You only need to know one thing about Team USA's loss to Greece- 14 missed free-throws. Period, end of story, we also missed 15 FT's in the bronze medal game but still won by 15, thats pretty impressive. Everybody wants to throw out the tired excuses about eroding fundamentals in every aspect of USA Basketball, (which for the most part are bogus, btw), but the one true fundamental that I will attest to being lackluster is free-throw shooting. You don't even have to be a good shooter to be a good FT shooter, truthfully, you just need to actually practise them and get timing and technique down. I can look at many players, both American and international, and tell that they don't even practice their FT's. Why the hell do you think they call them FT's?, because that is what they are, free points. But unfortunately most basketball players today don't realise this. I look at Shaq and can tell the guy doesn't even give FT's a second thought which is just dumb. If Team USA would have shot 80% from the stripe as a team then they probably would have had a 100% chance of earning gold, pure and simple. It has to be the most simple play next to a layup in basketball.


----------



## DKaiser

bender said:


> Navarro plays like Steve Nash w/out the playmaking skills, which means he's an undersized off-guard with mediocre scoring abilities.
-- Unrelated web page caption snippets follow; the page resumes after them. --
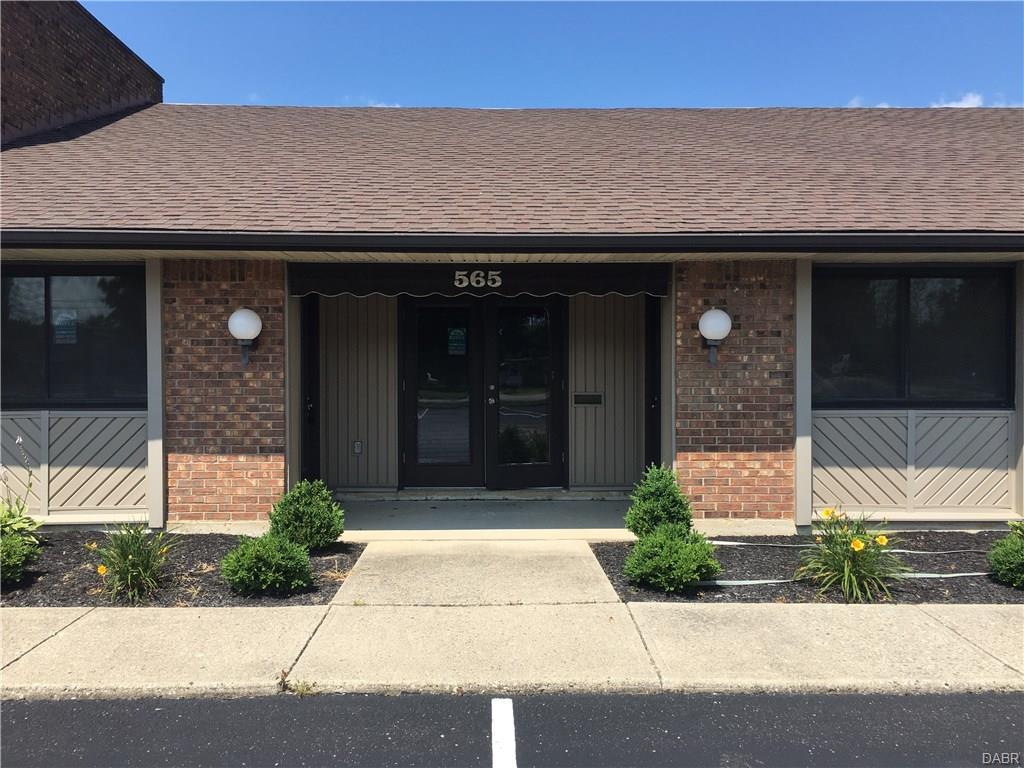 565 Helke Road - Photo 1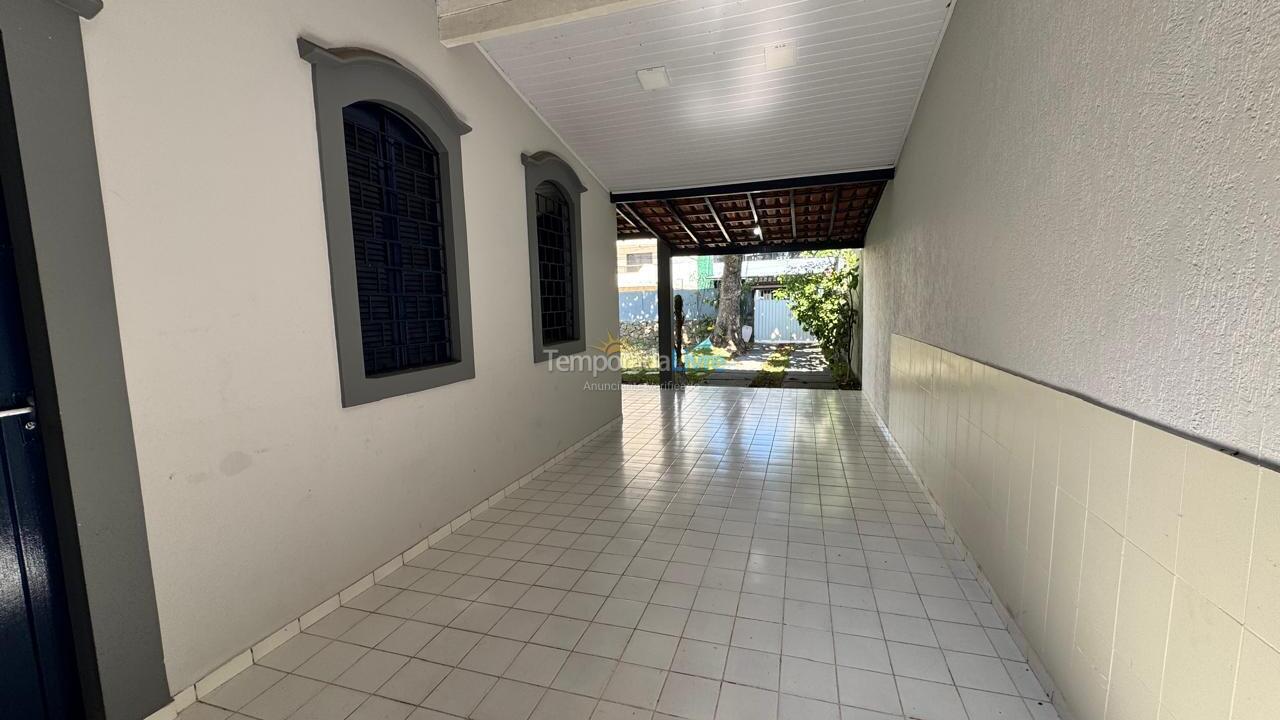House for vacation rental in Guarapari (Praia do Morro)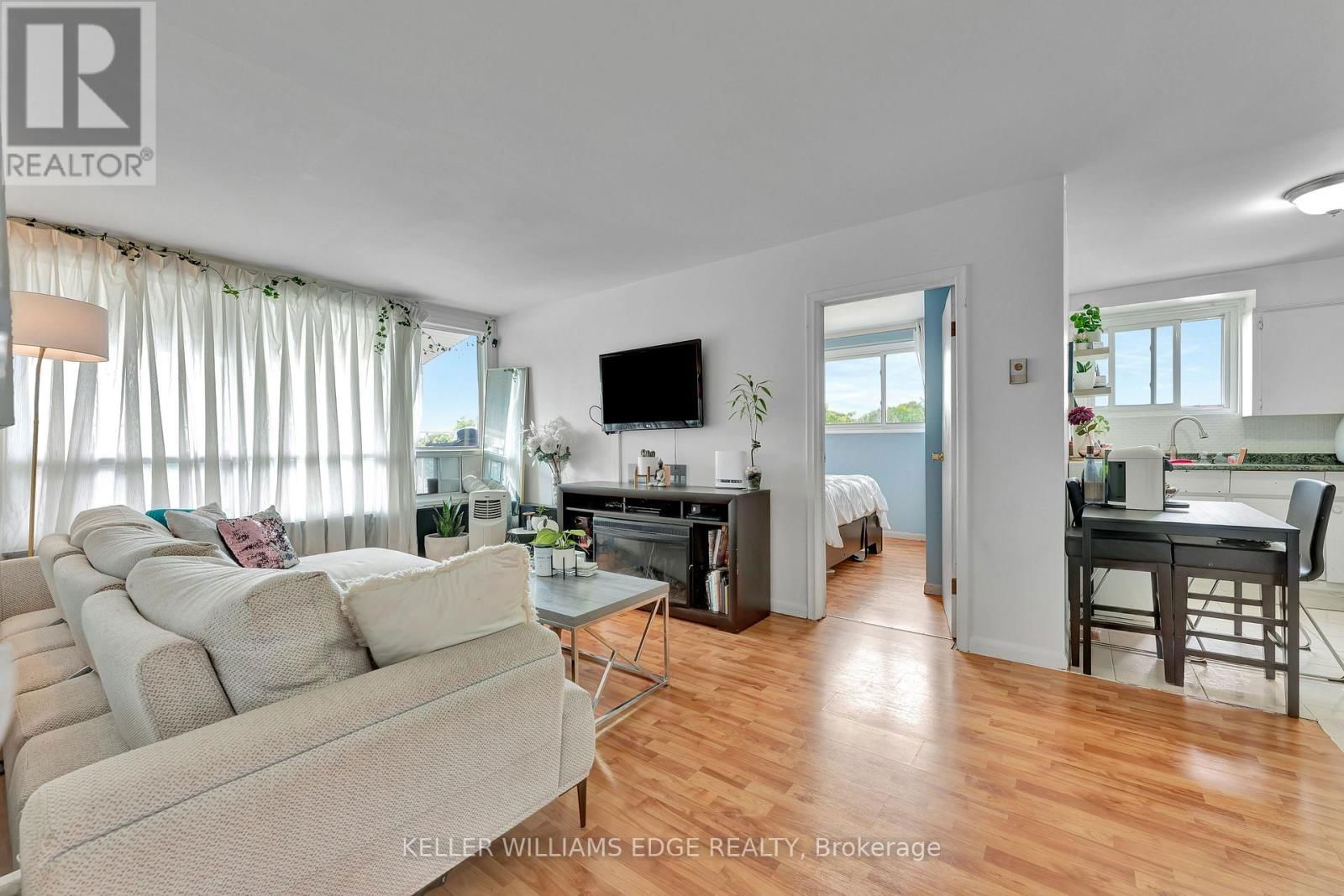 225 PARKDALE AVENUE NORTH Image 33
Note that in international play, there's no real division between point guard and shooting guard. Most teams have guys that play both...and Navarro's that type of a guard. Don't judge him by the number of points he makes. I watched him play in this year's Worlds. He just played it right.


----------



## DKaiser

BucketDawg said:


> If Team USA would have shot 80% from the stripe as a team then they probably would have had a 100% chance of earning gold, pure and simple.


Agree with the IF...but that's a bigger IF actually. IF they hit their FTs, IF they can shoot their jumpers, IF they play better team defense, etc. Fundamental things that have given way to windmill dunks and other fancy stuffs.


----------



## DKaiser

jaja said:


> would you say spain's 6th place or so finish in athens accurately reflected the strenght of the team?


Would you say Spain's Gold Medal finish (and their Dream Team-like dominance...except for that nail-biter against another USA conqueror, Argentina) accurately reflected the strength of that team?


----------



## BucketDawg

USA conqueror? didn't Argentina get smacked by 15 points, Argentina went down with a whimper.


----------



## DKaiser

Skydivedan said:


> Don't forget Darius Miles, Stromile Swift, Jason Williams, Antoine Walker, and just about anyone who didn't play college ball.


Yes...and like the infomercials would say..."But wait! there's more...."

There's Lamar Odom, Emeka Okafor, JR Smith, (would you say Lebron James fall in this category?), plus many, many more.


----------



## DKaiser

BucketDawg said:


> USA conqueror? didn't Argentina get smacked by 15 points, Argentina went down with a whimper.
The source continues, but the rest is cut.